Author Topic: 8051: Open Source Disassembler  (Read 7107 times)

0 Members and 1 Guest are viewing this topic.

Offline sandeepkumarTopic starter

  • Newbie
  • Posts: 4
  • Country: in
8051: Open Source Disassembler
« on: December 08, 2020, 12:55:40 pm »
Greetings
I have an AT89S52 Microcontroller development board which I am using to learn microcontrollers. I am new to electronics and similar stuff but I have some experience in writing programs. I had some free time lying around, so watched tons of Ben Eater Videos and learnt on making good Assembly language programs for the dev board. And I also decided to make an assembler for it. (I have zero idea/knowledge in compilers/assemblers). So, I started my research on the workings of an assembler. Till now, I have made a Disassembler (which converts the hex file into asm file). Yes, I got sidetracked but atleast I made something. I'd appreciate you to take a look at it(It is Open Source), and give me some tips and advice for the assembler.

Forgive me for not documenting and commenting the code :-\

Link to Disassembler page:
https://github.com/w0qs1/disgeek51
« Last Edit: December 08, 2020, 12:57:44 pm by sandeepkumar »
 

Online newbrain

  • Super Contributor
  • ***
  • Posts: 1719
  • Country: se
Re: 8051: Open Source Disassembler
« Reply #1 on: December 08, 2020, 02:54:35 pm »
It is Open Source
Thanks for your effort!
I have zero experience with 8051, but I have some with software licenses:
This is not really Open Source until you state which license it is under (e.g. BSD, MIT) and possibly put a corresponding license file in the repo.
The way it is now, probably the only allowed thing that one can do with the code is reading it.

Disclaimer: IANAL, TINLA.
Nandemo wa shiranai wa yo, shitteru koto dake.
 
The following users thanked this post: sandeepkumar

Offline MarkL

  • Supporter
  • ****
  • Posts: 2133
  • Country: us
Re: 8051: Open Source Disassembler
« Reply #2 on: December 08, 2020, 04:52:28 pm »
If you are not aware of it, you might want to take a look at SDCC, if anything to see how it works.  Besides being a C-compiler, it also has an 8051/8052 assembler and disassembler included in the package.  All open source.

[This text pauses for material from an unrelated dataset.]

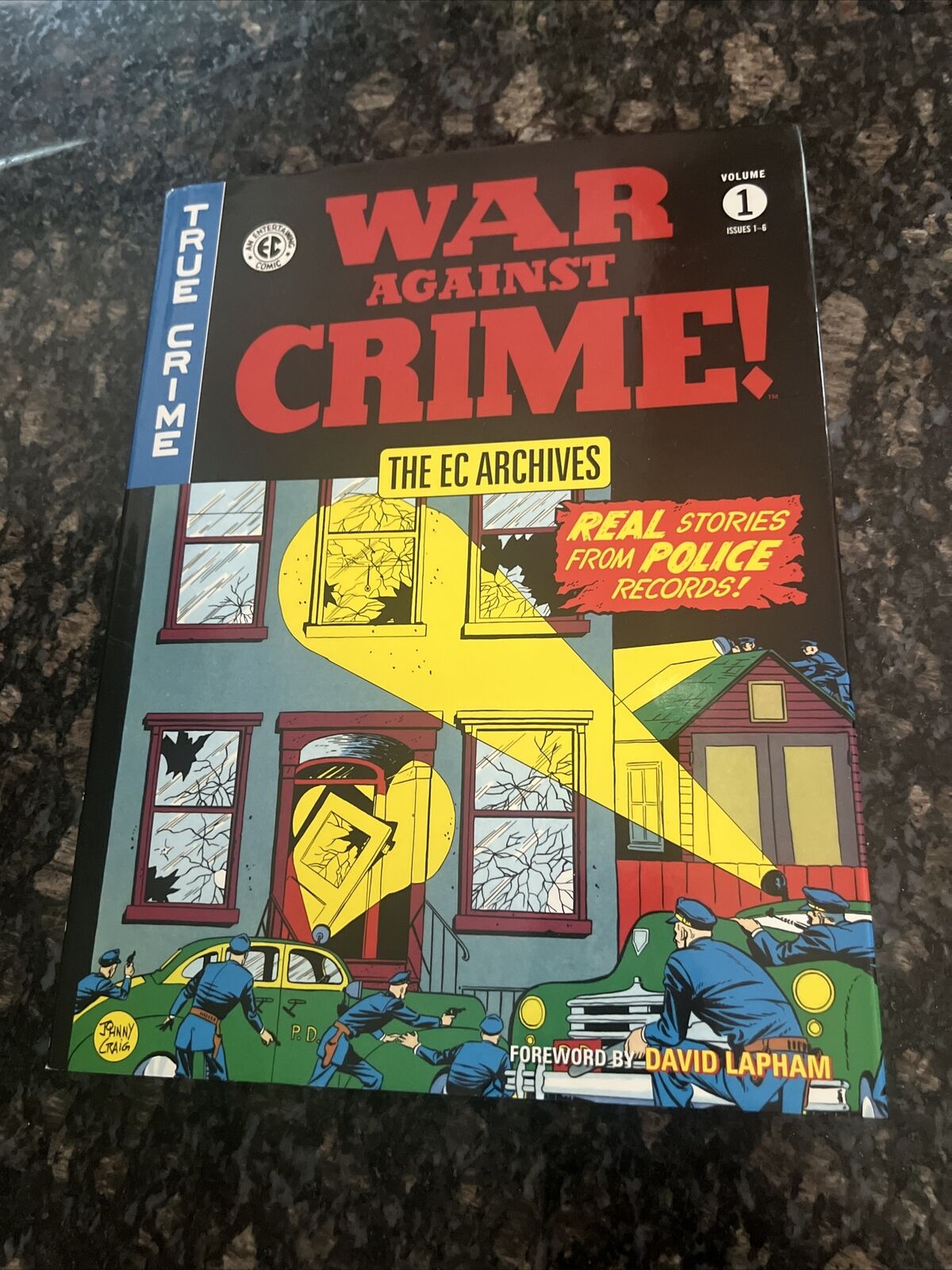 The EC Archives: War Against Crime Volume 1 Dark Horse Comics (Hardcover)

  https://sourceforge.net/projects/sdcc/
 
The following users thanked this post: sandeepkumar

Offline Peabody

  • Super Contributor
  • ***
  • Posts: 2008
  • Country: us
Re: 8051: Open Source Disassembler
« Reply #3 on: December 08, 2020, 05:06:45 pm »
There is also the Naken Assembler, which includes a disassembler, for 8051 and many other processors.  Very small, very fast, command line.

https://www.mikekohn.net/micro/naken_asm.php
 
The following users thanked this post: sandeepkumar

Offline brucehoult

  • Super Contributor
  • ***
  • Posts: 4040
  • Country: nz
Re: 8051: Open Source Disassembler
« Reply #4 on: December 09, 2020, 12:15:34 am »
Had a quick look. Seems fine. You could probably refactor some stuff and make it a bit shorter, but it's fine.

An assembler is just the opposite :-) You already have all the information you need in your opcodes definition file.

One way to do it would be to read the opcodes definitions into an array but replace strings such as "code addr" with a regexp that matches a code address.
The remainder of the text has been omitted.